I decided to offer three relationship booklets – two of the booklets were about building more elegant and functional relationships. The third booklet was The List of 50.
I wrote The List of 50 from personal experience.
I realized that the screwy relationships I had been in (prior to actually thinking about how to create an elegant one) were a direct result of my inattention.
Back in 1983, I made a clear decision about my “next” relationship. That year, I also finished my counselling degree and met Darbella, (or Dar for short – an amazing woman who brooks no foolishness when it comes to relationships.)
My self-realizations led me to devise a rudimentary List of 50 for myself. More on the List of 50 below!
Many years have passed since I wrote the initial booklet, and I find that I am frustrating myself. I notice that most relationships these days — simply and plainly — suck.
The divorce rate in the US and Canada is abysmal. As for the relationships that do not end in divorce, I am not seeing a ton of contentment and real relating. It is painfully clear that, of all committed relationships, perhaps 5 percent to 10 percent are successful.
And, it’s getting worse.
So much tension, so much distrust. And really, although I might be accused of over-simplifying, the vast majority of the confusion in relationships has to do with one or both of the participants trying to change the other into the person they wish they had actually married.

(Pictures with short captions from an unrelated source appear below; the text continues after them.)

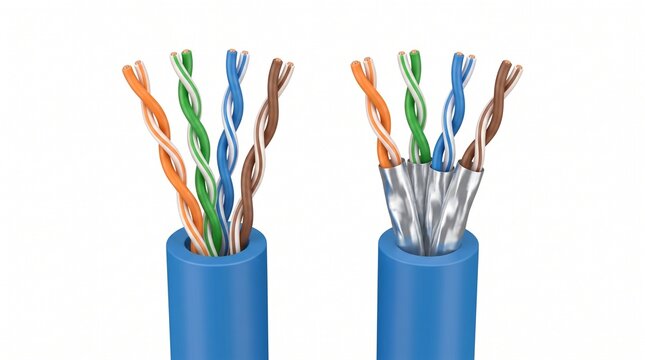 Network data cable comparison featuring shielded and unshielded conductors.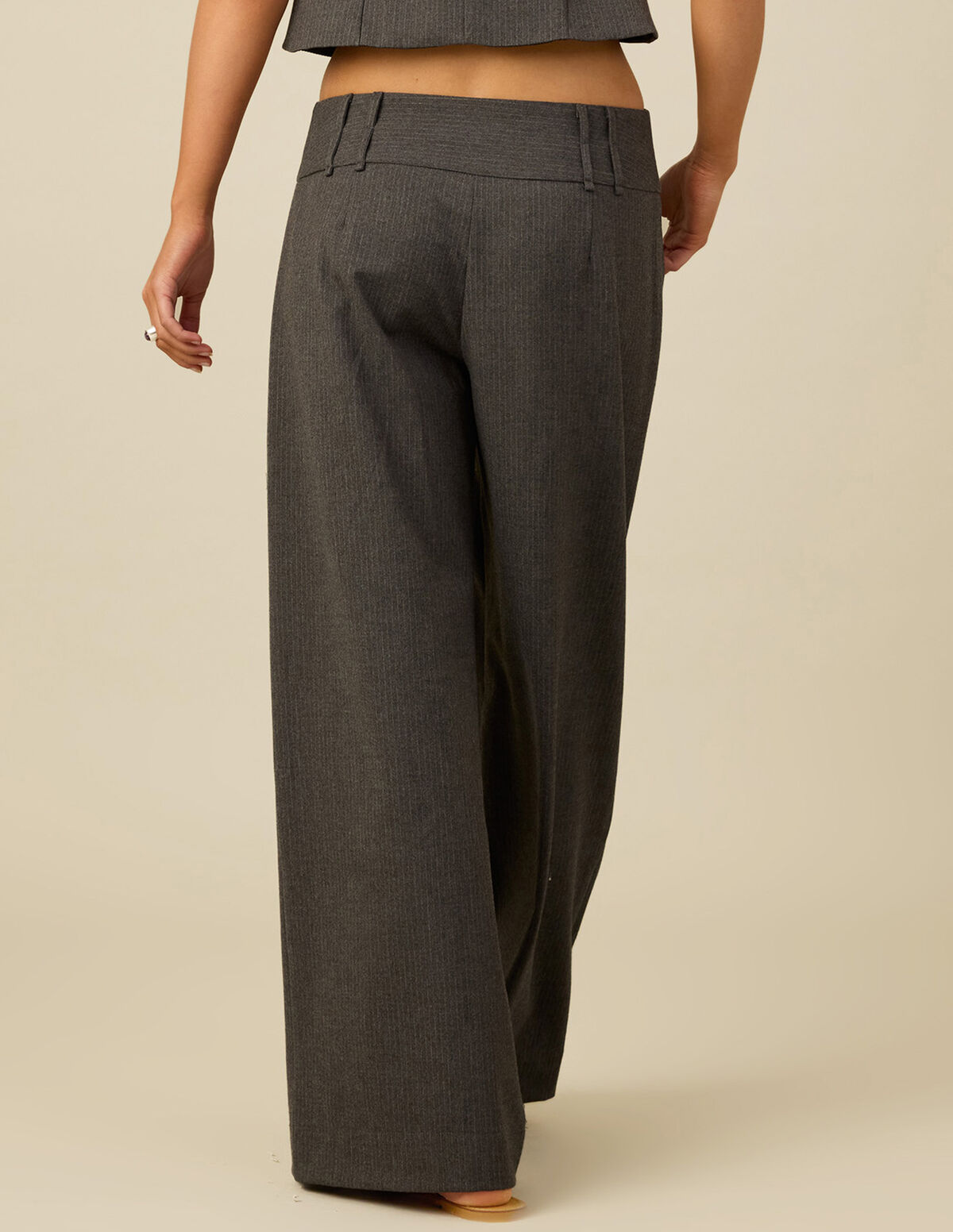 BLUE STRIPED WAISTBAND TROUSERS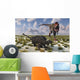 Tarbosaurus Dinosaur Approaching Pinacosaurus Wall Decal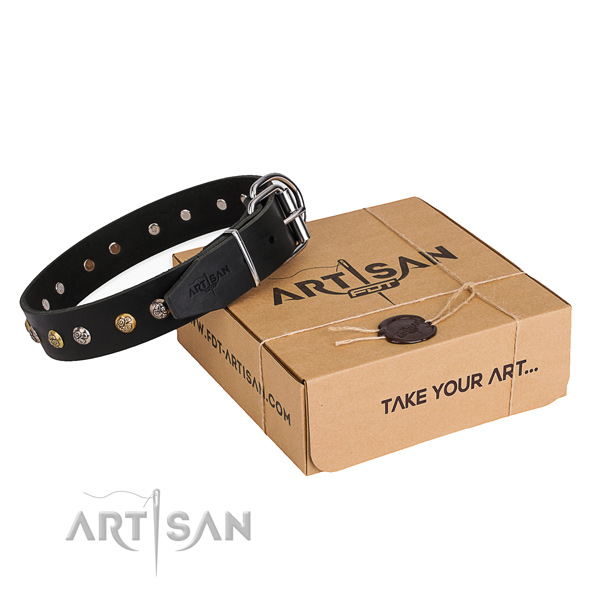 Durable natural genuine leather dog collar crafted for daily use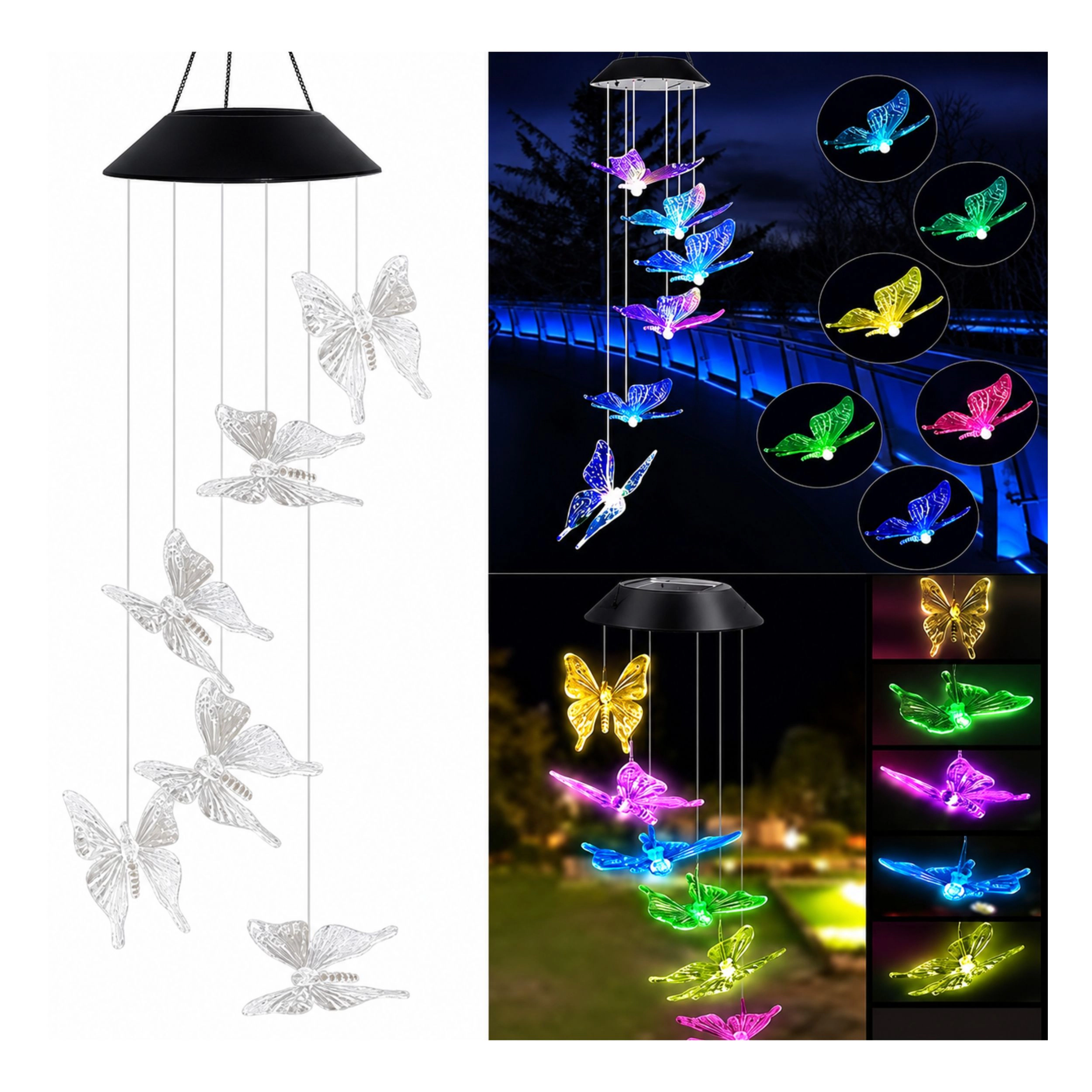 Home Collection Solar LED Color Changing Butterfly Wind Chime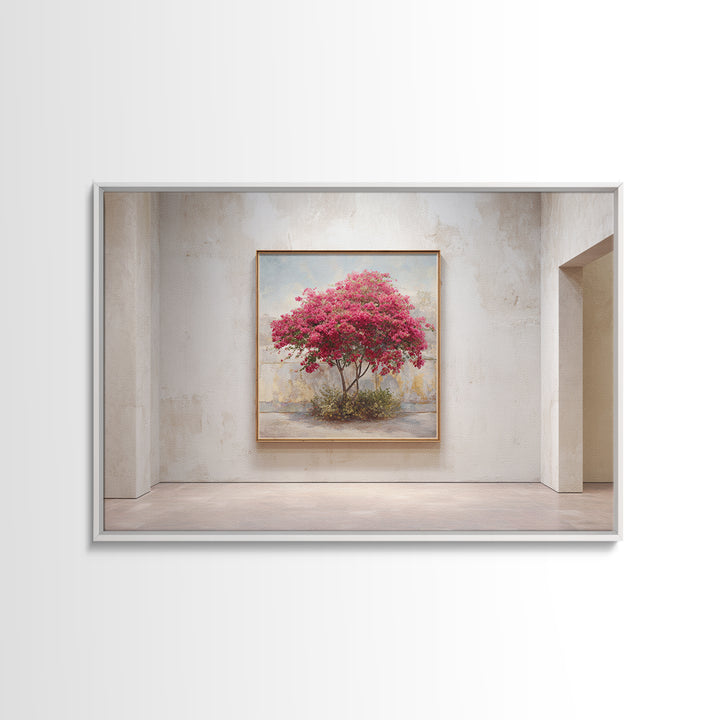 Pink Bougainvillea over White Wall Canvas Print, Tropical Art, Beach Prints, Living Room Decor, Watercolor Art, Tropic, TRO-3x2-44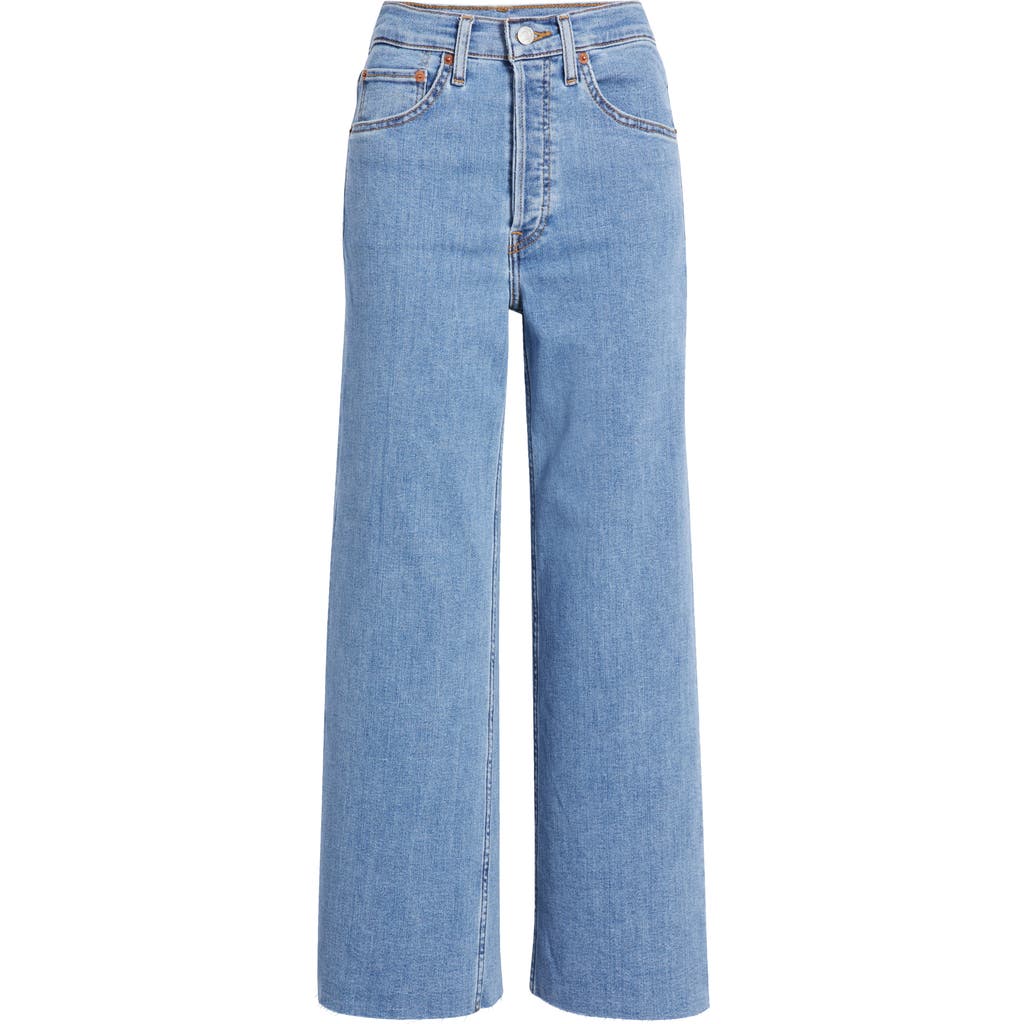 Re/done High Rise Cropped Wide Leg Jeans In Runyon In Runyon
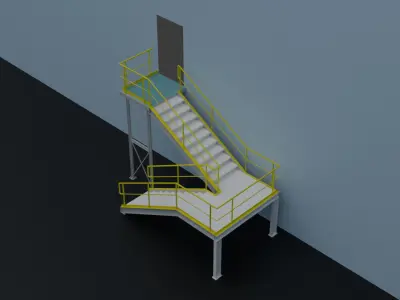 staircase 002 3D model 3D model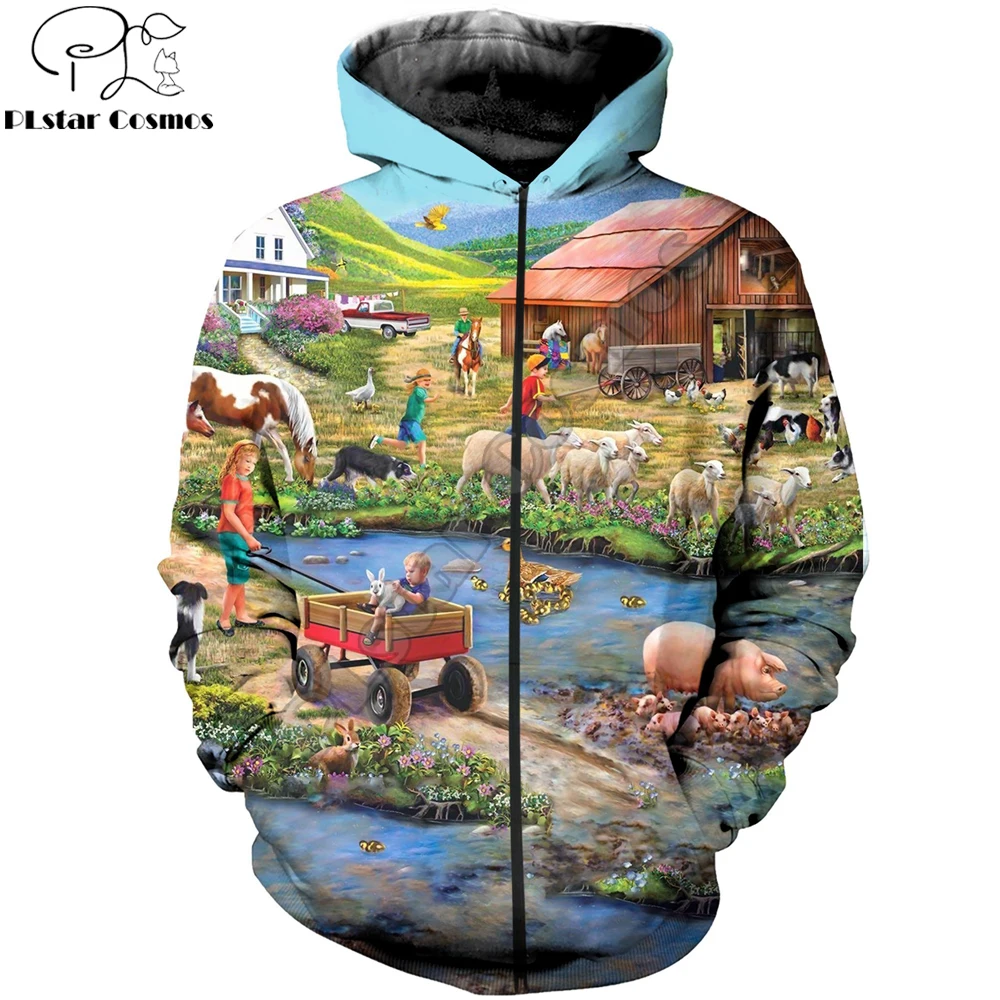 Толстовка мужская с капюшоном и 3D-принтом осенняя | Мужская одежда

I decided to re-write the booklet, and to say much more about the place of rational thought and conscious awareness in the establishment and maintenance of relationships.
Pretending the important, life-altering decision to relate is “a matter of the heart” is not only stupid, it is not working.
This book, then, is a guidebook for finding your perfect partner. You’ll discover the tools you need to figure out the kind of person you want to be in relationship with.
The plot is simple: I’ll write about what goes wrong in relationships, and especially how you need to establish a set of filters. The filter set is: what I am looking for in a partner.
We’ll look at how most of us relate, and explore common beliefs that get in the way of great relating. Then, we’ll move into the meat of this book: creating a List of 50. The List is a well thought out guide to the kind of person you want to share your life with.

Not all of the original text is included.